A panel member raised that there can be an issue with tenants not bothering to report repairs because they think nothing will be done, which is not the case. We need to let tenants know that we do take action.
Another member asked if recent legislation is making people more aware of things that they could complain about, which DF agreed was likely to be the case.
Having researched how the claims firms are canvassing, they are also putting videos out on social media, which will pop up onto people’s feeds. LN showed an example of a video which offered up to £10,000 in compensation for fairly minor issues – this amount would not be awarded, so is very misleading to tenants and raising false expectations.

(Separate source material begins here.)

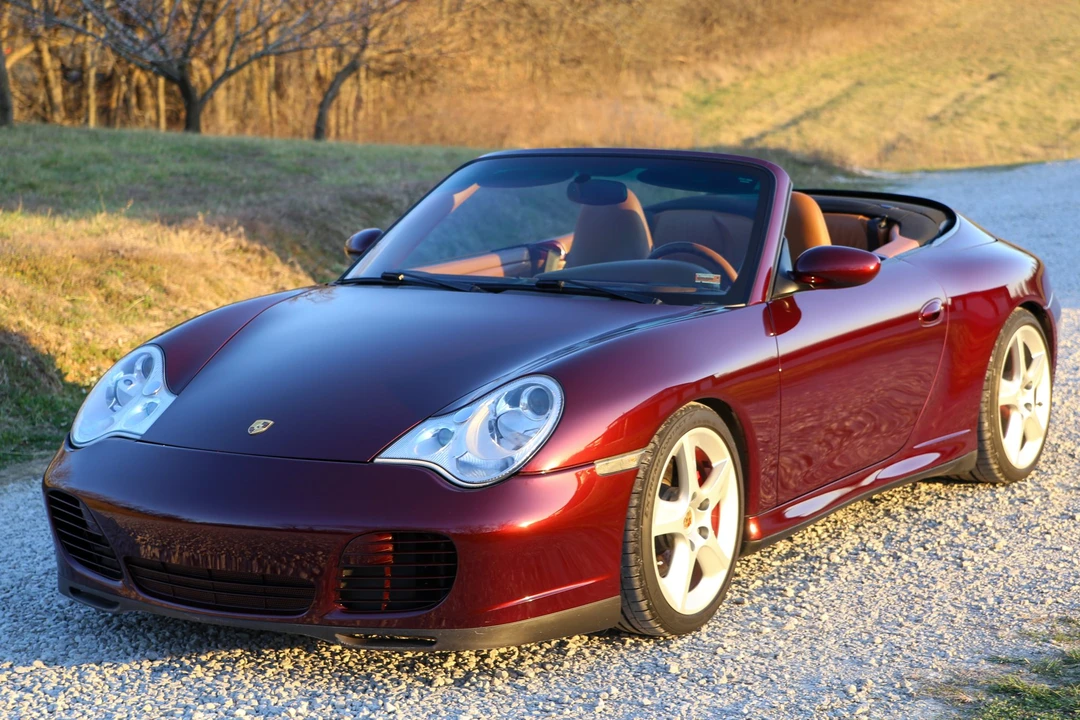 2004 Porsche 911 - Image 15 of 31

The panel were asked whether they felt a video produced by us, featuring a tenant, would be effective in getting our message across, the panel agreed that it would. The video could be showed in our buildings which have TV screens too.
A panel member asked if we could have leaflets that could be handed out at visits to tenant homes, LN replied that was possible. Another suggestion was to include information in routine letters, and highlight how much money is being spent on these claims.
The communications team will compile a plan around this issue, to include regular messages about allowing the council access to homes, about reporting repairs as soon as an issue is spotted, and awareness of the claims companies’ approach. For the video, we will seek a tenant volunteer, or a member of staff who is also a tenant, to be involved.
The panel agreed that it had been helpful to understand this issue and how we can mitigate its impact. An update will be provided at the next panel meeting.
3. Performance and complaints update
The performance scorecard and regular complaints report had been shared with the panel ahead of the meeting.
a) Performance scorecard
At the September meeting, members agreed to increase some of our targets and these are reflected in the scorecard. A panel member commented that it was good to see the high number of targets being achieved. Many are being met or exceeded, with a positive picture overall:
- All safety checks are at 100%
- Electrical safety checks, which are now required every five years rather than 10, are currently at 75%. We need to be at 100% by the end of May 2026
- Stock condition surveys – 70.7% have had one within the last five years and we are aiming for 100% by the end of March 2027.
- Repairs times are above target and we will continue to monitor these over winter
- Appointments made and kept are at 96.8% for the year to date, against a target of 96.1%
b) Complaints report
Stage 1 complaints compared to the same time last year have gone up by 17. Stage 2 complaints, which can now be made without requiring a reason, have significantly increased – from 18 last year to 31 this year.
However, the national picture is that providers are seeing complaints going up by 40-50%, so the situation for us is more positive and we encourage tenants to let us know if something isn’t right. Our view is that complaints are opportunities to learn.
4. Any Other Business
A question was asked around two-person visits, which can be required in some instances for safety reasons. DF explained that in some instances we do need to send two members of staff, this wouldn’t necessarily just be housing teams, it could also be our adult social care or children’s teams. Those staff attending wouldn’t be aware of the reason that it was a two-person visit and our Community Protection team will have written to the resident previously to explain that visits will be made by two staff at a time and the reason for that. They will keep the situation under view.
Another tenant wanted to praise the apprentices working within the repairs team, for their politeness and attitude to work. DF expressed his thanks and appreciated the positive feedback, our current group of apprentices are doing very well.